Available records section start

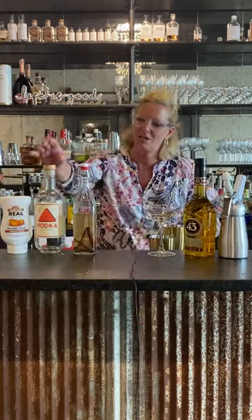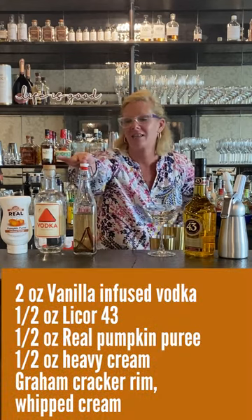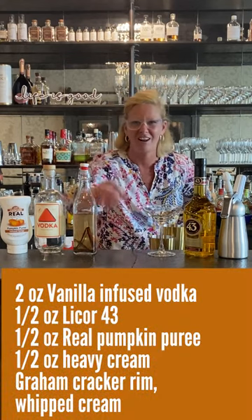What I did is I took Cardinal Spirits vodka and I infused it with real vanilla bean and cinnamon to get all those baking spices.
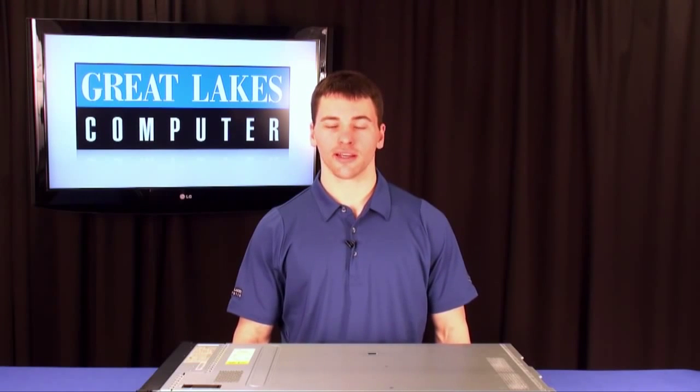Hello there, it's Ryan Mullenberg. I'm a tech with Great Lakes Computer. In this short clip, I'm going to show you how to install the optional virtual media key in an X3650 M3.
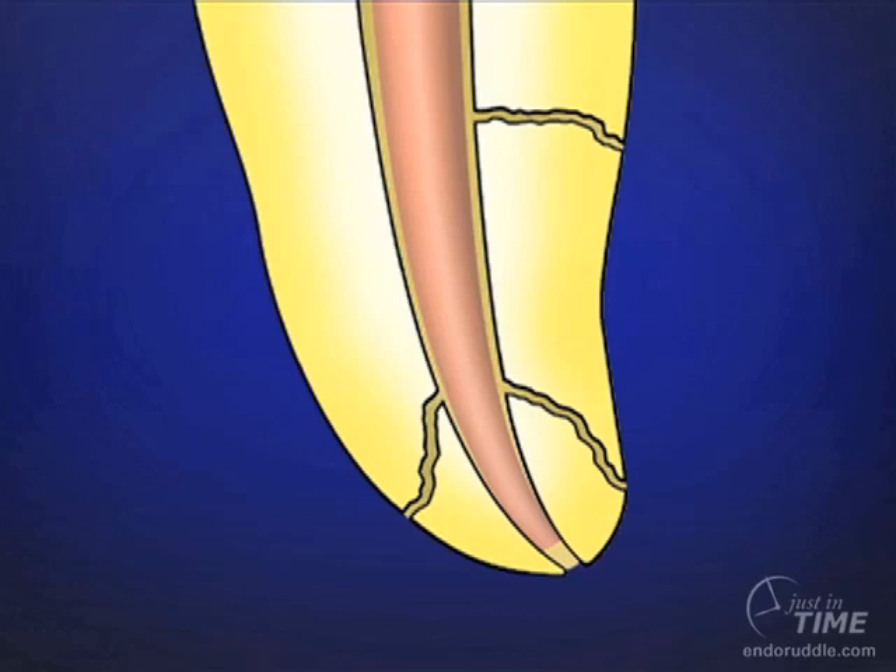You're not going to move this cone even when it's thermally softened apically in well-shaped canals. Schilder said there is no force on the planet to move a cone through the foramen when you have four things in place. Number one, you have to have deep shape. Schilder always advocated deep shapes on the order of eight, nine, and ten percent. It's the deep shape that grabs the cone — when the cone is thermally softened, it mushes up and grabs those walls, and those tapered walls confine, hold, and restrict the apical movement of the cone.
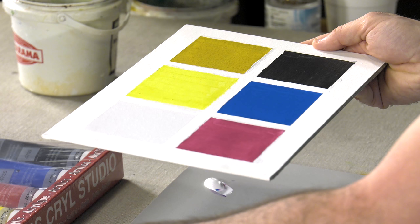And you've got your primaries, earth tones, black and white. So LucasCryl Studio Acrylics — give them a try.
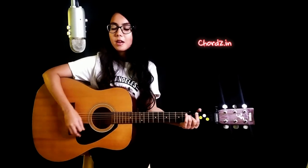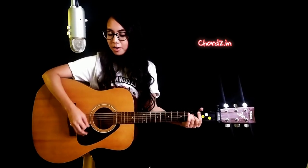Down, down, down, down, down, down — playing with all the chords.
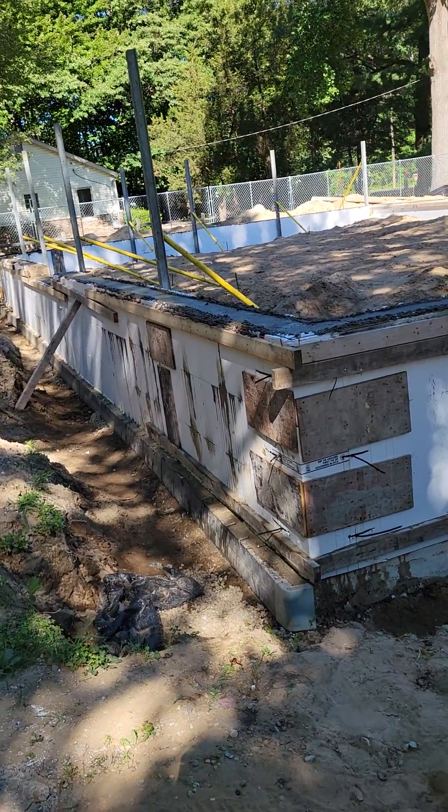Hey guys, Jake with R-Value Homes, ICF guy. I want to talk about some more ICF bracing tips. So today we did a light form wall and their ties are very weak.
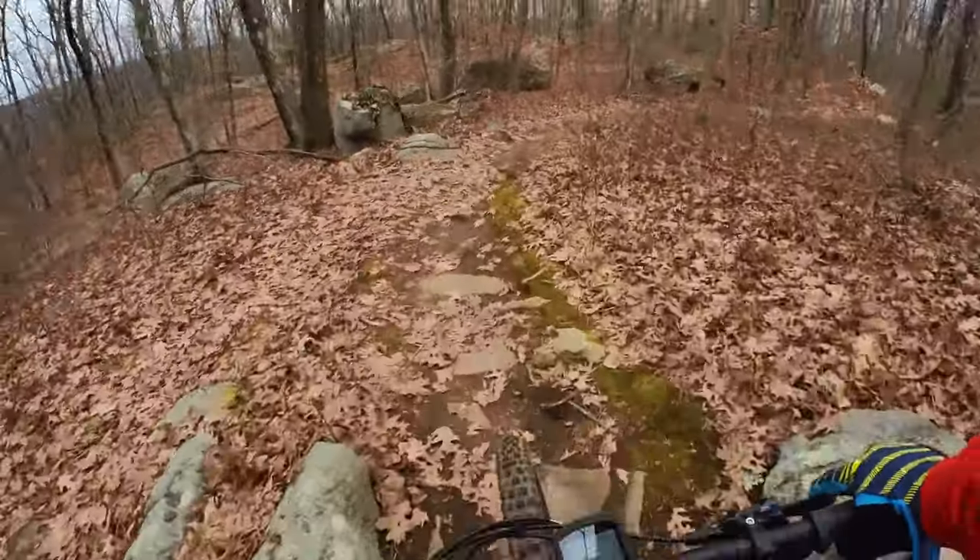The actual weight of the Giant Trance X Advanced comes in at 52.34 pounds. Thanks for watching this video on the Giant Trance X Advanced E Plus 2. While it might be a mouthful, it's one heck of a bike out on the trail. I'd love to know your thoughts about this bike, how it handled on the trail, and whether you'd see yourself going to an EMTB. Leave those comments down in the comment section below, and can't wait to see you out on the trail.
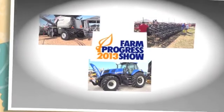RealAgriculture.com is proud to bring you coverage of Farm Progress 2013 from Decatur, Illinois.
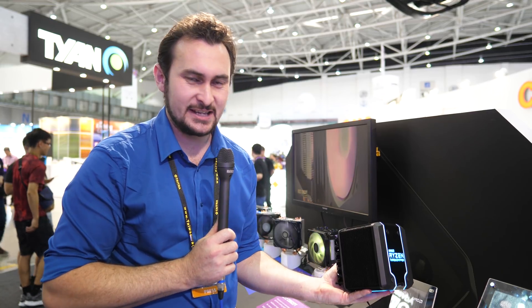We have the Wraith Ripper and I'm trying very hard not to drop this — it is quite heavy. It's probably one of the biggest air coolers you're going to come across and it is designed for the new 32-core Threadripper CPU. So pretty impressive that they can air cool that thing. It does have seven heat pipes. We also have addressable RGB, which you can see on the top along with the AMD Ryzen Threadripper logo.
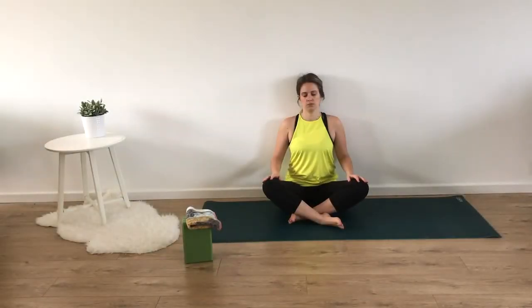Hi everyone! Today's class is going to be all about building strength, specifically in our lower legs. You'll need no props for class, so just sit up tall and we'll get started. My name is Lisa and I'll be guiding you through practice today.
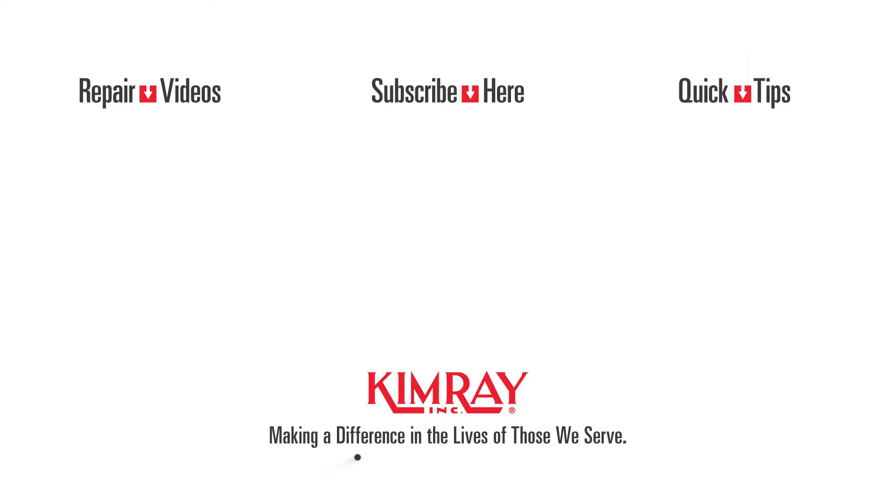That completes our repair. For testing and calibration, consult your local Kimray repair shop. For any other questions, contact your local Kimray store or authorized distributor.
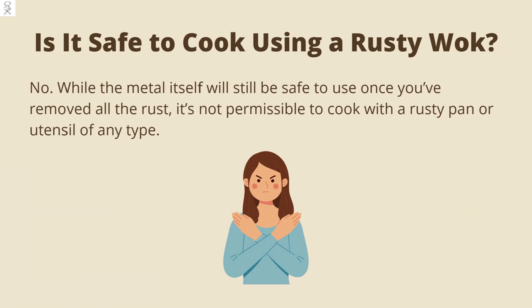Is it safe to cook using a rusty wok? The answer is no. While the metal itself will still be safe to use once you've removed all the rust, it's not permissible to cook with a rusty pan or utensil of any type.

Available records section end
Available records section start

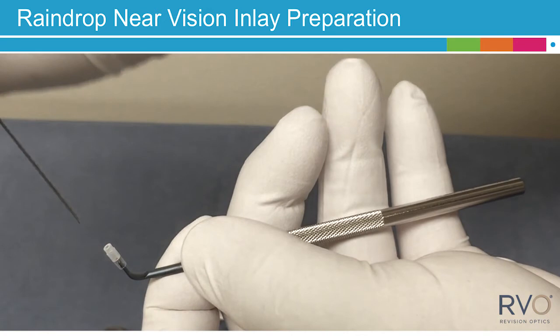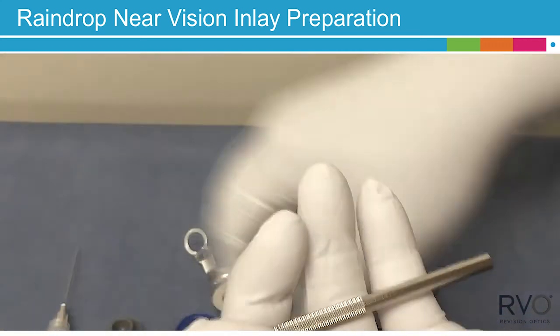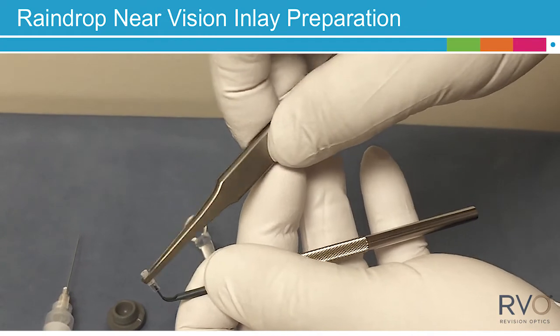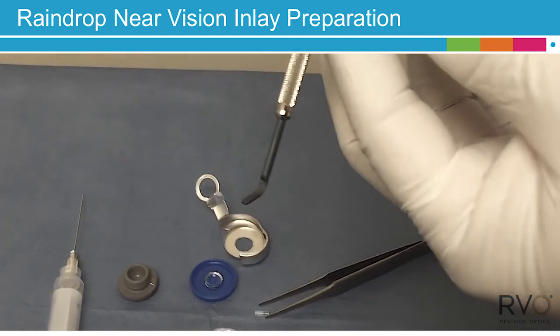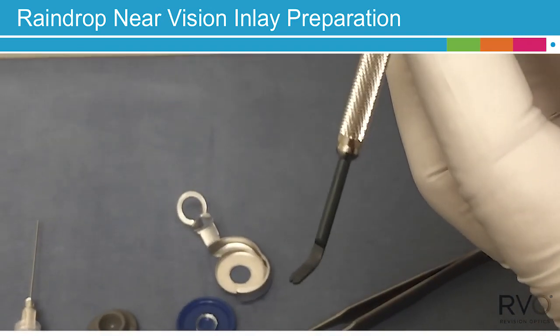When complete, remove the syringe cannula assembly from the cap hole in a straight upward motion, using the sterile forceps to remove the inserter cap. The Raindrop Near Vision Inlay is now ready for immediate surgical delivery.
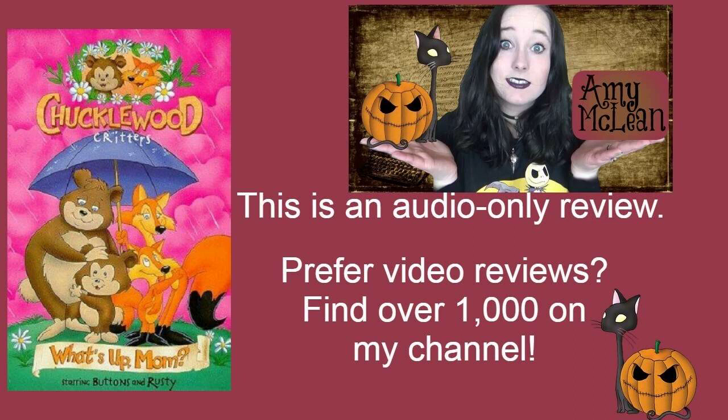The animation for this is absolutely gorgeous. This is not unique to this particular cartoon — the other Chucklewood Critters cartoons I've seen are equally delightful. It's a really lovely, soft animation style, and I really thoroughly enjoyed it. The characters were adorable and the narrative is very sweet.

Available records section end
Available records section start

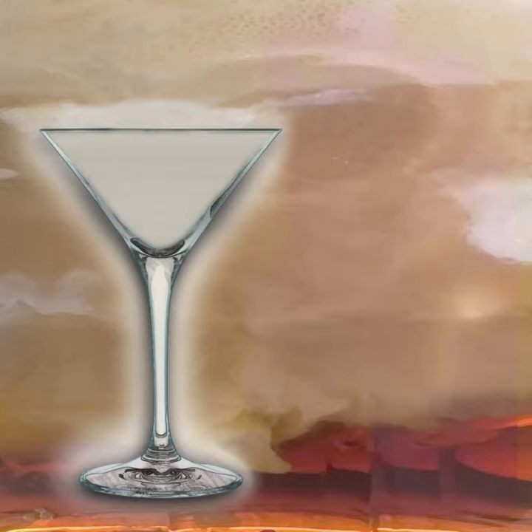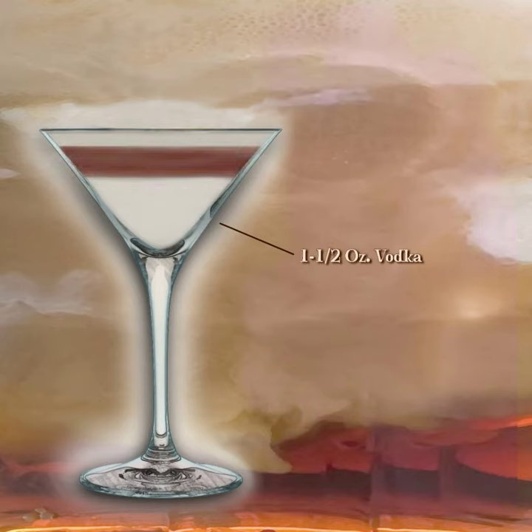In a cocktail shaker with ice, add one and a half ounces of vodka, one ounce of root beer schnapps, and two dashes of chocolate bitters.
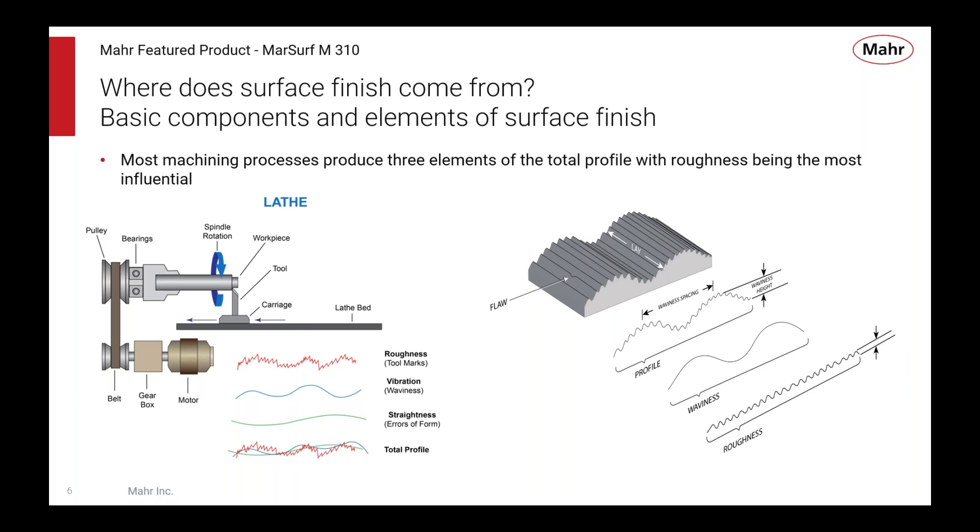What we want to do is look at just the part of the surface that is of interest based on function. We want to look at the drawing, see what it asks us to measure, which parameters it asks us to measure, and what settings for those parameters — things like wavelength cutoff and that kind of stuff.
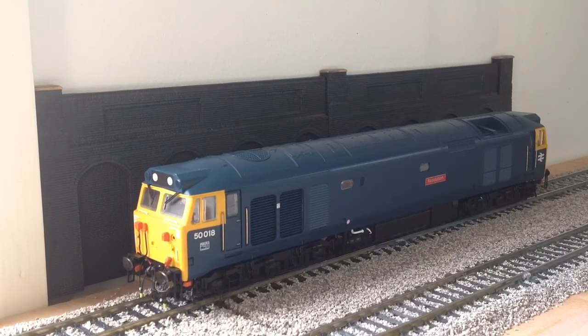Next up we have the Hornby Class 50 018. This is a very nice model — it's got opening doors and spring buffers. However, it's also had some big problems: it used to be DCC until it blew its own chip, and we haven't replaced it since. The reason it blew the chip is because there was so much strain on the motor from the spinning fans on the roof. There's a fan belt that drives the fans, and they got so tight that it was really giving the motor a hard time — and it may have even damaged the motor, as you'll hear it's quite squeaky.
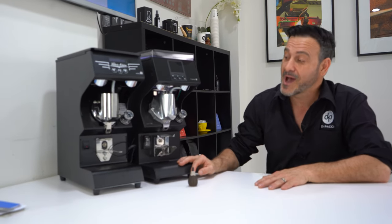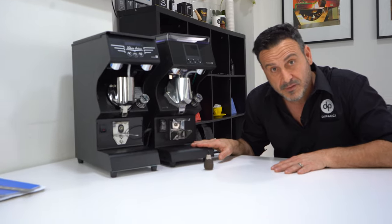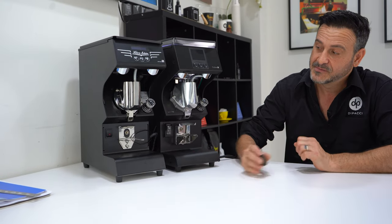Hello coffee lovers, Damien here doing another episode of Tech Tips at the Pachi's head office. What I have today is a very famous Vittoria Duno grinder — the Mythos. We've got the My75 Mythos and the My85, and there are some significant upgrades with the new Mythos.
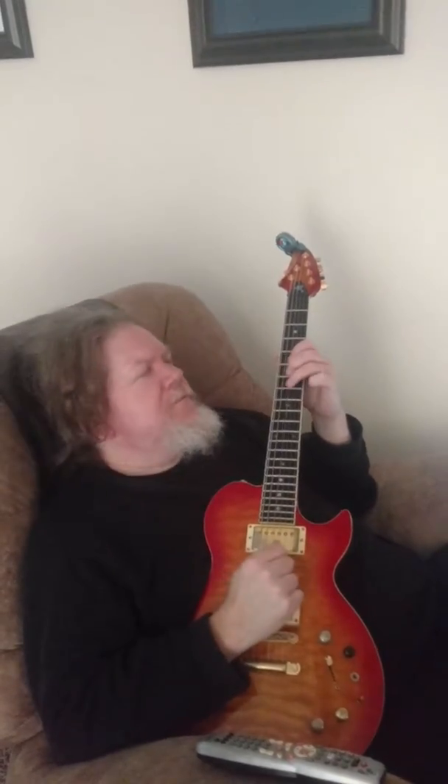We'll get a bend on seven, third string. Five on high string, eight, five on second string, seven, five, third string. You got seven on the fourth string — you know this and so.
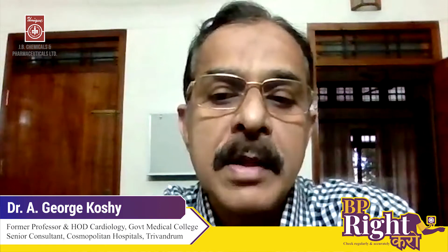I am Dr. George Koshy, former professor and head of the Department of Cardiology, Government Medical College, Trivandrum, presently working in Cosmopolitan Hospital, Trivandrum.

Available records section end

- Exercise instructions -
Reproduce the listing above from the line that holds "When complete, remove" through the line that holds "The animation for", both included, with the pictures left out.

- Written reply -
When complete, remove the syringe cannula assembly from the cap hole in a straight upward motion, using the sterile forceps to remove the inserter cap. The Raindrop Near Vision Inlay is now ready for immediate surgical delivery.
The animation for this is absolutely gorgeous. This is not unique to this particular cartoon — the other Chucklewood Critters cartoons I've seen are equally delightful. It's a really lovely, soft animation style, and I really thoroughly enjoyed it. The characters were adorable and the narrative is very sweet.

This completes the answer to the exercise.